4La mobilisation cédétiste est triplement improbable : elle repose sur la rencontre de salariés de filières industrielles distinctes [13] ; ses revendications se distinguent de celles des autres organisations syndicales de l’énergie, Force ouvrière (FO) et Confédération générale du travail (CGT), celle-ci étant largement majoritaire dans les entreprises nationalisées [14] ; et, enfin, elle se fonde sur l’implication de salariés qui doivent penser leur intervention dans une entreprise qui reste un symbole d’une identité nationale française. Cette dimension identitaire explique, en partie, l’hétérogénéité et la difficile structuration des contestations de l’atome dans l’après-guerre [15]. Par la suite, combattre l’atome, voire mettre en doute la pertinence de son usage, pouvait apparaître « comme une attaque contre la nation [16] ».

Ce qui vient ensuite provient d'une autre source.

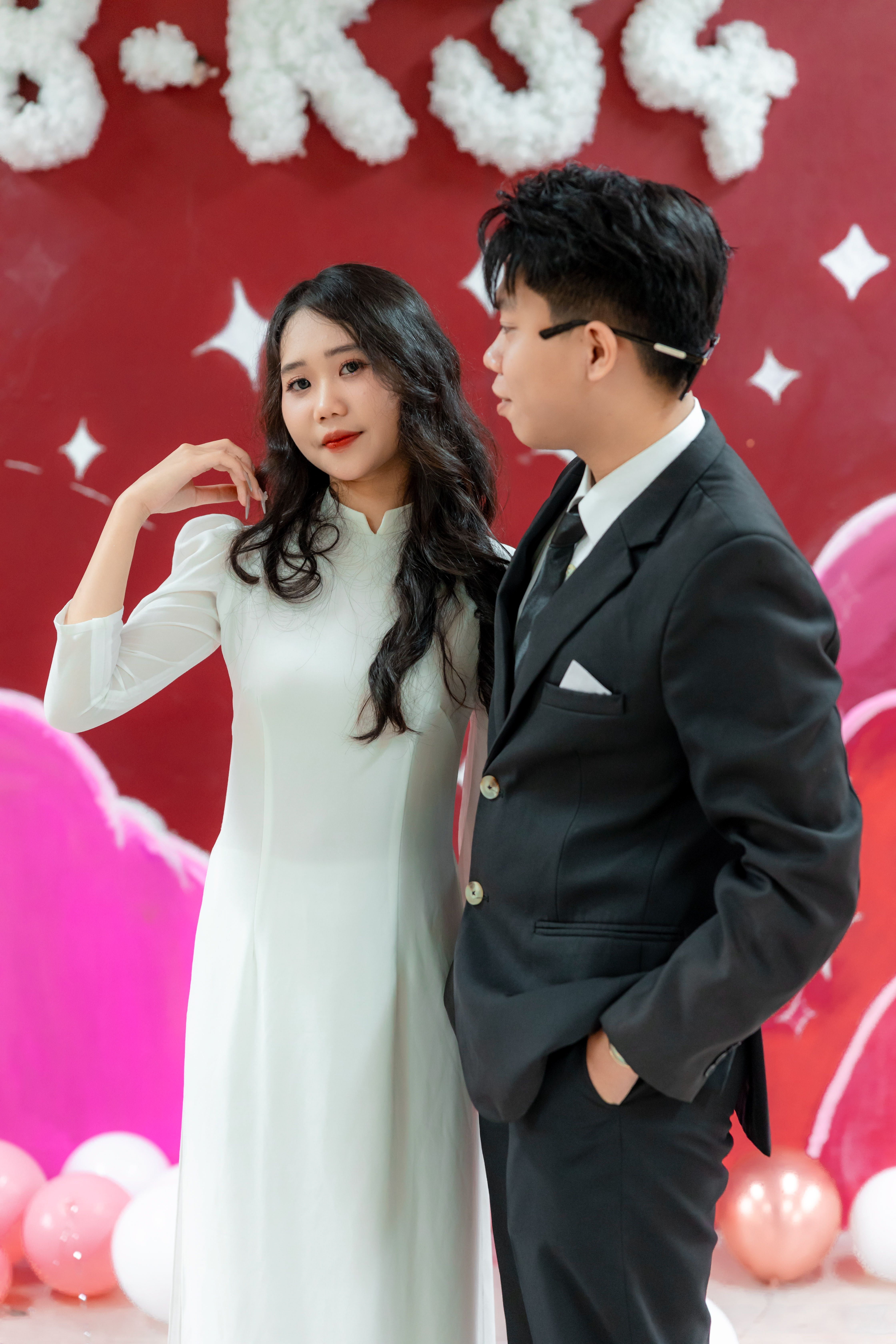Sophisticated couple in formal attire posing against a vibrant backdrop, exuding elegance and style.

5Jusque tard dans les années 1970, le positionnement cédétiste n’est jamais pleinement stabilisé. Il s’enrichit de l’accumulation de réflexions menées par les fédérations professionnelles des secteurs de l’énergie, lesquelles fondent leur expression sur les savoirs et savoir-faire des salariés qu’elles représentent. Ce positionnement s’enrichit aussi des relations nouées par des militants et des structures cédétistes (et non par la CFDT dans son ensemble) avec différents acteurs contestataires – scientifiques, écologistes, etc. –, dont la rencontre a été cruciale dans la formation d’un mouvement antinucléaire d’ampleur nationale. Au regard de l’historiographie des mouvements sociaux, cet effort de structuration constitue un tournant. En effet, dès l’après-guerre, les contestations de l’atome étaient demeurées fort hétérogènes [17]. Les premières manifestations antinucléaires des années 1970 restaient des actions territoriales : malgré l’écho que donne la presse écologiste aux mobilisations de Fessenheim ou du Bugey, celles-ci ne sont pas à l’origine du développement d’un réseau national pérenne. Cet effort d’organisation à l’échelle nationale intervient uniquement dans la foulée de l’annonce du plan Messmer, au cours de l’année 1974, que l’historiographie présente comme la « charnière grinçante [18] » avec la conflictualité des années 1968, c’est-à-dire le moment où l’horizon d’attente des mouvements sociaux se transforme sous l’effet de la crise économique.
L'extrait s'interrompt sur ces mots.